Horse Probability Req. Odds Actual Odds
Point Given 25 percent 3-1 9-5
Dollar Bill 15 percent 6-1 6-1
Monarchos 15 percent 6-1 10-1
Millennium Wind 8 percent 12-1 9-1
Congaree 8 percent 12-1 7-1
Balto Star 4 percent 24-1 8-1
Fifty Stars 4 percent 24-1 40-1
Jamaican Rum 4 percent 24-1 20-1
A P Valentine 4 percent 24-1 19-1
Thunder Blitz 4 percent 24-1 25-1
Express Tour 4 percent 24-1 18-1
Each of 6 others <1 percent >100-1 From 35-1 to 102-1

Point Given was still the likeliest winner in my mind, but 9-5 was still an unacceptable return for a horse with a 25 percent chance of victory. To nearly everyone’s surprise, Dollar Bill had been bet down to 6-1 and Monarchos had floated to 10-1. Dollar Bill now offered no real value relative to my assessment of his actual chances, but Monarchos was offering well above the return I thought was fair, as was Fifty Stars. My lack of regard or appreciation for Invisible Ink, the eventual runner-up, cost me all my multi-horse bets on the race, but win bets on Monarchos and Fifty Stars saved the day.

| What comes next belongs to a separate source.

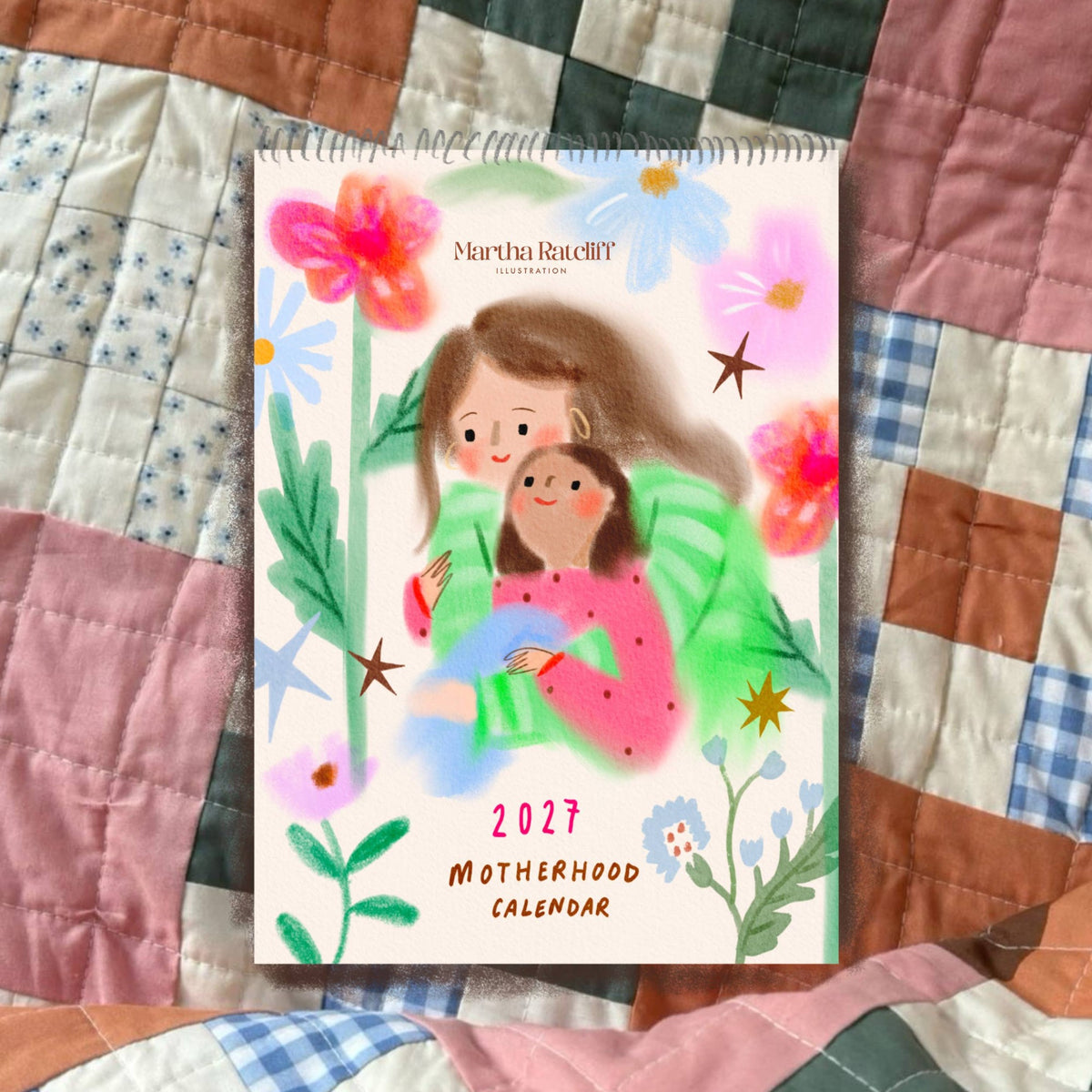 Martha Ratcliff 2027 Motherhood Calendar on a patchwork quilt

Thirteen days later at Pimlico, an uninspiring five-filly Black-Eyed Susan Stakes caught my interest because there were only two legitimate contenders and I thought one of them might be severely overbet. Two Item Limit had the superior speed figures and experience to be a worthy odds-on favorite, but I thought there was a scenario under which Tap Dance, the second choice, might end up very loose on the lead. While Two Item Limit was the better filly, she might lag too far back off slow fractions and fall short at the end.

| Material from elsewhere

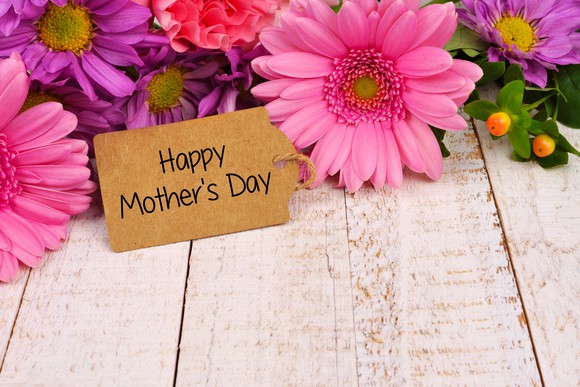 A happy Mother's Day sign sits in front of some flowers.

I made Two Item Limit 60 percent to win the race, giving a 35 percent chance to Tap Dance and the remaining 5 percent to their three overmatched opponents. Odds of 2-1 or better on Tap Dance would make her playable.

Unfortunately, everyone else seemed to have had the same idea about Tap Dance waltzing to the lead. With five minutes to post, both fillies were even money, and I felt neither remorse nor disloyalty as I went to the window to make the only logical bet: Two Item Limit to win, which she did at $4.40. Betting 6-5 shots to win is not my usual style, but I saw no other way to play the race and was convinced I was receiving outstanding value. When I first began playing the races, I probably would have bet on both Dollar Bill and Tap Dance instead of Monarchos and Two Item Limit, out of loyalty to my initial selections and the sense that you “should” bet on the horses you initially like.

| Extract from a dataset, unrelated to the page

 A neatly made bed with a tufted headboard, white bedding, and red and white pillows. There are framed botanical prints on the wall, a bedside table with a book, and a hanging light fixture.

The success of these two plays, though, was ultimately based upon the probability of victory I had assigned to each winner. I cannot argue in good conscience that Two Item Limit had precisely a 60 percent chance of victory as opposed to 57 or 63 percent, and I doubt that such calibration is in fact achievable. It is, however, possible through experience to get close enough that if you demand sufficient value to cover the margin of error, you should outperform the competition – your fellow horseplayers.

The Competition

One of the great romantic myths of racing is that the players are a merry band of brothers united in their quest to smoke out the winner of each race. This is the case at the blackjack table, where everyone is playing against the house and all the players win when the dealer busts out. At the racetrack, however, every bettor is playing only against the other bettors. The house takes its cut off the top and has no financial interest in how the remaining money is carved up.

If every horseplayer but you were a certifiable idiot, betting at random on names and colors, you would win every day. Conversely, if the only people betting into the pool were the small number of professionals who make a living this way, your chances for long-term victory would be slim.

Either way, what would make you a loser or a winner would not be a change in the number of winners you bet, but solely the odds that these horses would return. To put this another way: Your opportunity for profit at the racetrack consists entirely of mistakes that your competition makes in assessing each horse’s probability of winning. In that first happy scenario, where the escaped lunatics are betting at random, you would win because you would bet on high-probability horses at fat odds. Every horse in a seven-horse field would be 5-1 (after takeout) and you would just bet on those with a better than 20 percent chance of winning. Playing purely against the pros, every horse would be bet in accordance with his true chances, and takeout would reduce each return below an acceptable price. You would be taking the worst of it every time.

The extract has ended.